Work request
With the line containing "Cadillac CT6 2024 — фото 14" as the start and the line containing "3211 Pinot Noir" as the end, transcribe that span of the entries below exactly, including both.

-------- Exercise materials

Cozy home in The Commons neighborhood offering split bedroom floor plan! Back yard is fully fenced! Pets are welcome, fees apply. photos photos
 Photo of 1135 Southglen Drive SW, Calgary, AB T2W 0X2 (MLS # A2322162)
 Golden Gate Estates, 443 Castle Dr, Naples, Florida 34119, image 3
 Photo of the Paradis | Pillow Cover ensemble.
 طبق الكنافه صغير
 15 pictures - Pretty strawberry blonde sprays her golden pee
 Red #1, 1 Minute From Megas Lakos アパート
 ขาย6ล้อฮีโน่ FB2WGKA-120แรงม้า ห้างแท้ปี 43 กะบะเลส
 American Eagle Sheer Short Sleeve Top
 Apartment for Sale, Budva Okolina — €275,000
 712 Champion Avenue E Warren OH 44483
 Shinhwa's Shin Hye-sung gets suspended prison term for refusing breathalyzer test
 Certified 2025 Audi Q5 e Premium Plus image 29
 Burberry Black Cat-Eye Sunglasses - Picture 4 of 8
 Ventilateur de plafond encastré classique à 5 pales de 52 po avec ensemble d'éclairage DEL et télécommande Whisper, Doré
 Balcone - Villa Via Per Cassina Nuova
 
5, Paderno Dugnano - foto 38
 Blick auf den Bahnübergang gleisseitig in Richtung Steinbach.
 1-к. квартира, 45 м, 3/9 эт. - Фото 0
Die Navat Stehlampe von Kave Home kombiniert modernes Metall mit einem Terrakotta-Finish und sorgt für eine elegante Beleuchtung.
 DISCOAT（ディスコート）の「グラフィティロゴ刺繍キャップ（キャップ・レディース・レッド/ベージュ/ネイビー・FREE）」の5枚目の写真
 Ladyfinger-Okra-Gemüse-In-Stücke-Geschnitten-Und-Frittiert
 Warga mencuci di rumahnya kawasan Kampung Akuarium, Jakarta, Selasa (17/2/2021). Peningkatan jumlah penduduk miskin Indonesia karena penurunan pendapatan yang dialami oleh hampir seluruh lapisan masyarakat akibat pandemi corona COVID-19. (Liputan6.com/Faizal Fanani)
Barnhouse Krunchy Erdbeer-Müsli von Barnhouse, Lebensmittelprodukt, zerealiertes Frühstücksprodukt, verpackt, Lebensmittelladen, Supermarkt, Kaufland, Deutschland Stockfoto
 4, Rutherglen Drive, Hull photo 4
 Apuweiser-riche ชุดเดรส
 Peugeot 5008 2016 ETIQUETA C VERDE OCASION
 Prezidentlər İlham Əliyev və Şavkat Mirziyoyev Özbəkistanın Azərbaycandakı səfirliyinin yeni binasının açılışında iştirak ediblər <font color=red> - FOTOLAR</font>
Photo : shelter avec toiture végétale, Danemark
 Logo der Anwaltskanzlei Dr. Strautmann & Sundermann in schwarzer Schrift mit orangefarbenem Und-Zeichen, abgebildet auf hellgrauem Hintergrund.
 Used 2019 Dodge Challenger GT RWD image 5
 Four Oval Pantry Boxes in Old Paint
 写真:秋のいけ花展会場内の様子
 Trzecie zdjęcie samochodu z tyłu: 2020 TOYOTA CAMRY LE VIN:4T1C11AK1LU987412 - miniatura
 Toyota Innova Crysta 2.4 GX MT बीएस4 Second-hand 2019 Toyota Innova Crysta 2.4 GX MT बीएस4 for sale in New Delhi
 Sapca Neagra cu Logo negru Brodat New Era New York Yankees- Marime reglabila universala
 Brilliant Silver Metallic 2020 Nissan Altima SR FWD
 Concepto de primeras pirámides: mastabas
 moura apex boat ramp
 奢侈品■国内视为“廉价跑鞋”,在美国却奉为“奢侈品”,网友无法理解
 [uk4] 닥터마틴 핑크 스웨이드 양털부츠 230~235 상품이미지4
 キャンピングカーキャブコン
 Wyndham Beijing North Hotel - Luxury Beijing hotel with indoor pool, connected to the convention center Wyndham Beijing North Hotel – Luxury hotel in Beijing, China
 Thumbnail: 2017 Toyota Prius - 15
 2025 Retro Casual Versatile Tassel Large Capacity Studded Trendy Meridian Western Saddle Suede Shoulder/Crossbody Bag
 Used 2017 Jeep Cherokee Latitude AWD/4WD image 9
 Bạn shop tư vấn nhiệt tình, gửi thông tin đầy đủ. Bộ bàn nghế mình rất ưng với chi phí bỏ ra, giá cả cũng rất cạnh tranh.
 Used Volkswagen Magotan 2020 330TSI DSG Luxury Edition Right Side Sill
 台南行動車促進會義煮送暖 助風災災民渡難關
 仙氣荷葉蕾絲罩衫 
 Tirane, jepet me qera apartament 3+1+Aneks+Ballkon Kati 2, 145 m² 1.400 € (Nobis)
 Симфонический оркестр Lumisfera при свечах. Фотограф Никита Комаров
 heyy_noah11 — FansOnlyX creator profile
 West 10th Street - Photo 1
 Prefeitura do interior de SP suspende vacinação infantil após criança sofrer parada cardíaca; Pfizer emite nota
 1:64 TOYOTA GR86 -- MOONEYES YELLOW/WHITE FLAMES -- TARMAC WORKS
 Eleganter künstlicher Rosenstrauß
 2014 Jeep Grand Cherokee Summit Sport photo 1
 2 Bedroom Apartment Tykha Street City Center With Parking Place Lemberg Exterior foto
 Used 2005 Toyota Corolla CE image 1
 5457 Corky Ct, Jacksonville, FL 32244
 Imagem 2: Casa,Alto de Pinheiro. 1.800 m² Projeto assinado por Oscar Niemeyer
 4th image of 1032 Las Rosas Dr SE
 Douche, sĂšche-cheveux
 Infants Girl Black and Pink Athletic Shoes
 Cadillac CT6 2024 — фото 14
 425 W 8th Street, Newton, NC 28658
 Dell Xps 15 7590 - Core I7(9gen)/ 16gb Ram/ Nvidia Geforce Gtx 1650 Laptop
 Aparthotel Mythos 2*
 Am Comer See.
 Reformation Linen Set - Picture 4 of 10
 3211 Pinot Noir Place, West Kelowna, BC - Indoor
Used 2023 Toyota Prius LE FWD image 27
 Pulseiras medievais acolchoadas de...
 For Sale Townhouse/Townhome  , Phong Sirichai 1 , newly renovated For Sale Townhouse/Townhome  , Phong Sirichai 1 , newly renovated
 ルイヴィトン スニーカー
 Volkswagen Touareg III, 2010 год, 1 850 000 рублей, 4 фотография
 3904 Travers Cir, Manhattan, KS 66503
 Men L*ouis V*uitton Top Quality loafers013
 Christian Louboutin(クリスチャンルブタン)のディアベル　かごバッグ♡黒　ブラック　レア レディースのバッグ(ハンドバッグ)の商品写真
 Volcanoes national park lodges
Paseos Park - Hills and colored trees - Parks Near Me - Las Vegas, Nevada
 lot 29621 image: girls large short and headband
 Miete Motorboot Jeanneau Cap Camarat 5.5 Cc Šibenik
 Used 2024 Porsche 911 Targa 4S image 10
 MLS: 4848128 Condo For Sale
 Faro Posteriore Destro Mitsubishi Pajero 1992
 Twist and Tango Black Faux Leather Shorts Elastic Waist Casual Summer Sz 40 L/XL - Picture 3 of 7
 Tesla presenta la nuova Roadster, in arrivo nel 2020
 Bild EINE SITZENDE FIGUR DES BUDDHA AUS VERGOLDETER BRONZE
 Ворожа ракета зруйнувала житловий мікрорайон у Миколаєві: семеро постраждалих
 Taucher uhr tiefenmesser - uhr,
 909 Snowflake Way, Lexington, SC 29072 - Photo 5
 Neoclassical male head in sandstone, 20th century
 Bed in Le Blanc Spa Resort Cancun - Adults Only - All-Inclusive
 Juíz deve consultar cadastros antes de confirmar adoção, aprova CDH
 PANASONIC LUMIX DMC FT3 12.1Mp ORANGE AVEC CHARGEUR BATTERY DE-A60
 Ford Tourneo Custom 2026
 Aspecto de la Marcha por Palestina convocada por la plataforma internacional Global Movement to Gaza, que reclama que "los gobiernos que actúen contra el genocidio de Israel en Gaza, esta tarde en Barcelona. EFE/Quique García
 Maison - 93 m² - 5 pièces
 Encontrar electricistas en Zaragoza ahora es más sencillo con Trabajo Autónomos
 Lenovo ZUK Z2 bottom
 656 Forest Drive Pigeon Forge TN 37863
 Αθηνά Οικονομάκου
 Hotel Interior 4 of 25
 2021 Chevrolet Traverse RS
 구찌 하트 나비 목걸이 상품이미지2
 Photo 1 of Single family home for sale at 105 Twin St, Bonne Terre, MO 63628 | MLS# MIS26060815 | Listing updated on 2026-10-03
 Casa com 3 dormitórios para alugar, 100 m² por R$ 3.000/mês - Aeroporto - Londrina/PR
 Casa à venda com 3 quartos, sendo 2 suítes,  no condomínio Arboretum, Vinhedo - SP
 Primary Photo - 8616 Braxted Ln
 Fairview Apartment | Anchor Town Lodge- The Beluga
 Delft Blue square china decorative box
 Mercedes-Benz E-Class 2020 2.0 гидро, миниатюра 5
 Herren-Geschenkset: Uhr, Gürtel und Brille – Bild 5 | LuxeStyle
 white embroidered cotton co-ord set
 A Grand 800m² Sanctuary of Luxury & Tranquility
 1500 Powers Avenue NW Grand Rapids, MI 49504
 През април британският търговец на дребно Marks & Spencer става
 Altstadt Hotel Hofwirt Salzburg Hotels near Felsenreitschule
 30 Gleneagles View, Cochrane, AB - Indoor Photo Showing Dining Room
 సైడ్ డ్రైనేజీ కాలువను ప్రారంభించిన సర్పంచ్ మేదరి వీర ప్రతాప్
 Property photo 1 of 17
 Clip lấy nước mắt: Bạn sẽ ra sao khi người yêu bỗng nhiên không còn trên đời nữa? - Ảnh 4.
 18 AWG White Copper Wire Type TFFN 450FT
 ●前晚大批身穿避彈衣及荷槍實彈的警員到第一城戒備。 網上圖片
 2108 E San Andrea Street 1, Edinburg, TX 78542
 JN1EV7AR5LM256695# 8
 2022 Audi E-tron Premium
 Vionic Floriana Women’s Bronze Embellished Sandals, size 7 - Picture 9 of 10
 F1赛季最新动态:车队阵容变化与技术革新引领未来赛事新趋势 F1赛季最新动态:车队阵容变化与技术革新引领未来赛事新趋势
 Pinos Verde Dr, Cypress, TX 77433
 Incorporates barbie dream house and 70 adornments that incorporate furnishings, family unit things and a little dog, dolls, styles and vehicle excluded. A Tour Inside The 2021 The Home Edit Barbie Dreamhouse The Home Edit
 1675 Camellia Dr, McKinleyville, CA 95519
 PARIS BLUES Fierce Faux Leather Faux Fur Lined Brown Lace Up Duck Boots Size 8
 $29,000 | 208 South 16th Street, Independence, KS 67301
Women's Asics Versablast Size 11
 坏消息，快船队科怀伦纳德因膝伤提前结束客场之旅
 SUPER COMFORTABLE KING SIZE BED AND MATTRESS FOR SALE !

----------------

Exercise response
 Cadillac CT6 2024 — фото 14
 425 W 8th Street, Newton, NC 28658
 Dell Xps 15 7590 - Core I7(9gen)/ 16gb Ram/ Nvidia Geforce Gtx 1650 Laptop
 Aparthotel Mythos 2*
 Am Comer See.
 Reformation Linen Set - Picture 4 of 10
 3211 Pinot Noir Place, West Kelowna, BC - Indoor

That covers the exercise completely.